Quote all lines below exactly. Images stay out.
[Start of section]
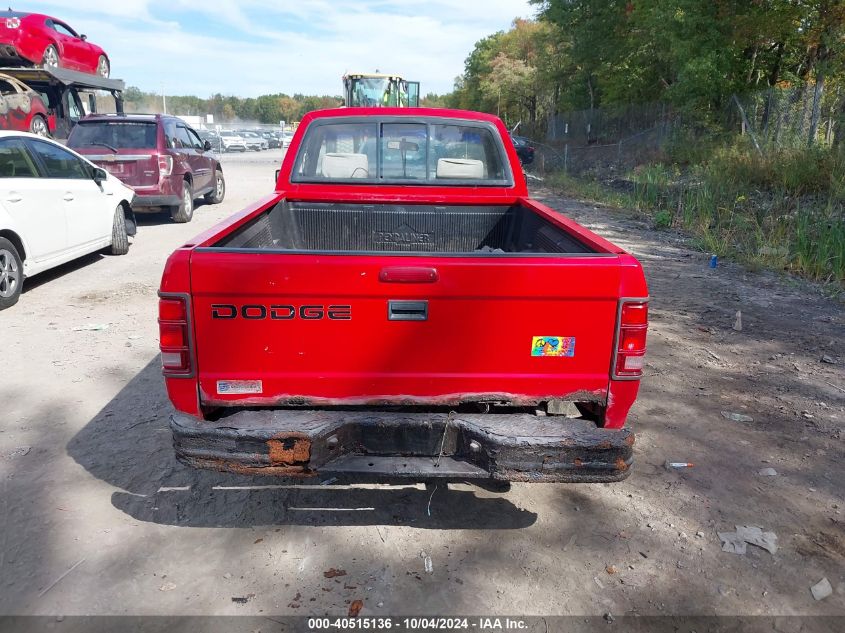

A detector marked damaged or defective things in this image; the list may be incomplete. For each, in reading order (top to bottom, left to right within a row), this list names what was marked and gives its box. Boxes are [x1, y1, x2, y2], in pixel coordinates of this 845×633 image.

damaged car on trailer [157, 107, 648, 484]
rust spot on tailgate [268, 432, 310, 466]
rusty rear bumper [170, 408, 632, 482]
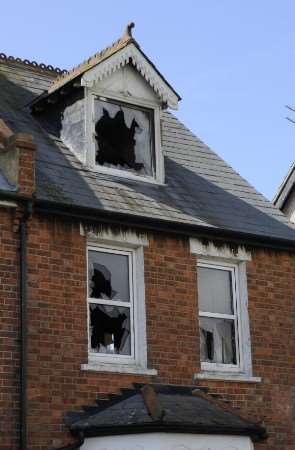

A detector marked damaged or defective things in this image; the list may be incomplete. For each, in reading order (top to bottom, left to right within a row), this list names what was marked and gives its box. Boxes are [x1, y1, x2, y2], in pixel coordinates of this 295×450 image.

broken window [94, 98, 155, 178]
shattered glass [95, 99, 156, 177]
shattered glass [88, 250, 130, 302]
shattered glass [89, 302, 131, 356]
broken window [88, 248, 134, 356]
broken window [198, 264, 239, 366]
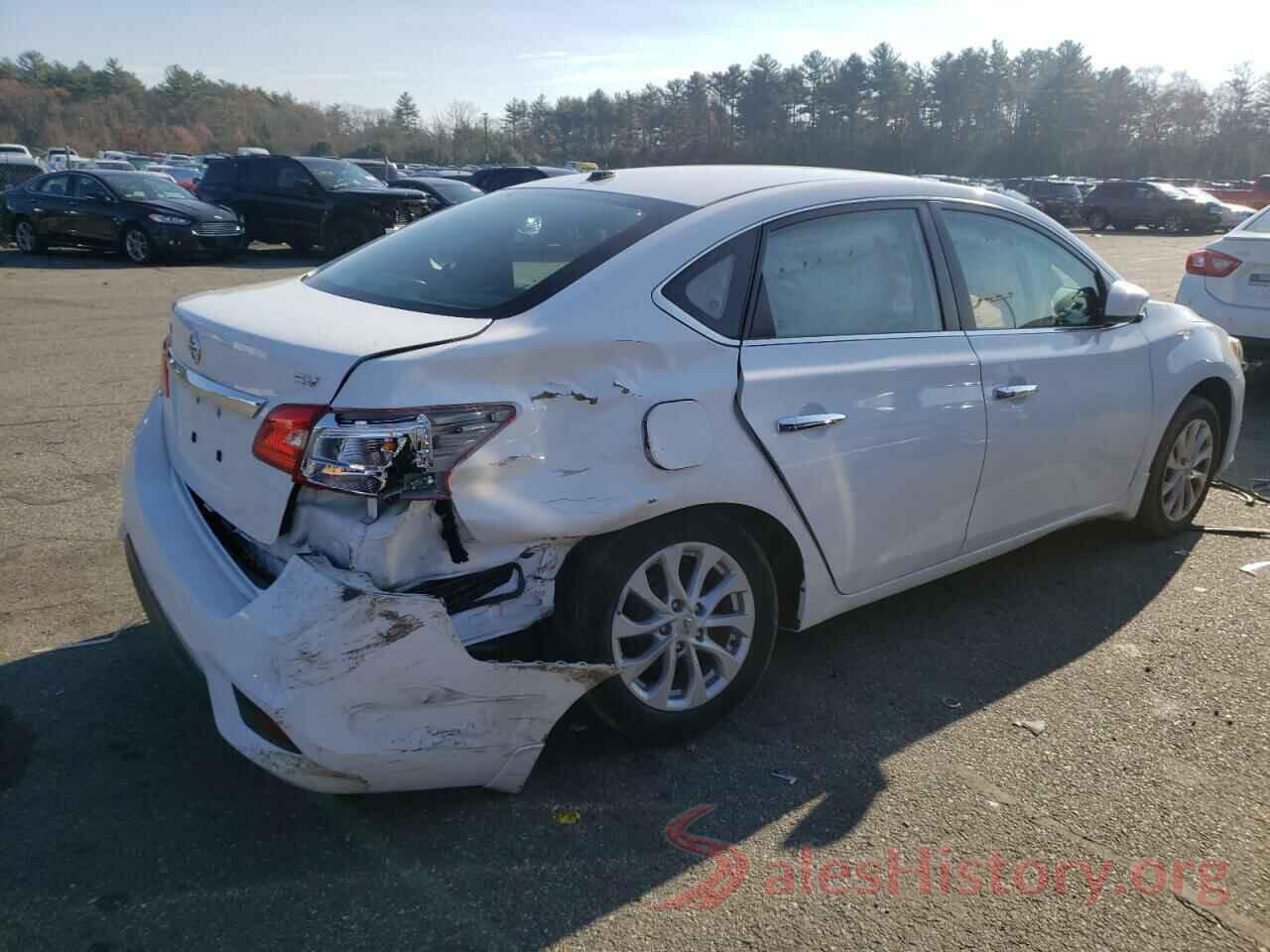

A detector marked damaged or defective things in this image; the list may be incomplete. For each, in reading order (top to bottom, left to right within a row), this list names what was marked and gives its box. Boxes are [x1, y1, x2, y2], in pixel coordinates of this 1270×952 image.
[End of section]
- _EXERCISE RESPONSE_
A detector marked damaged or defective things in this image; the list may be incomplete. For each, in reading order (top to bottom, left to right within a row), this list names what was marked and gives its box. Boxes are [x1, y1, x2, y2], in pixel coordinates of this 845×633 image.

damaged car on trailer [157, 107, 648, 484]
rust spot on tailgate [268, 432, 310, 466]
rusty rear bumper [170, 408, 632, 482]

A detector marked damaged or defective things in this image; the list may be incomplete. For each, in reading order (top to bottom, left to right within a row), this list names what was marked and gives its box. Boxes are [x1, y1, x2, y2], in pixel coordinates of this 295×450 image.

broken window [94, 98, 155, 178]
shattered glass [95, 99, 156, 177]
shattered glass [88, 250, 130, 302]
shattered glass [89, 302, 131, 356]
broken window [88, 248, 134, 356]
broken window [198, 264, 239, 366]

A detector marked damaged or defective things in this image; the list may be incomplete. For each, in reading order (top to bottom, left to right within a row), this list names what was marked and gives its box. Boxes are [x1, y1, x2, y2], in pixel coordinates of this 1270×952 image.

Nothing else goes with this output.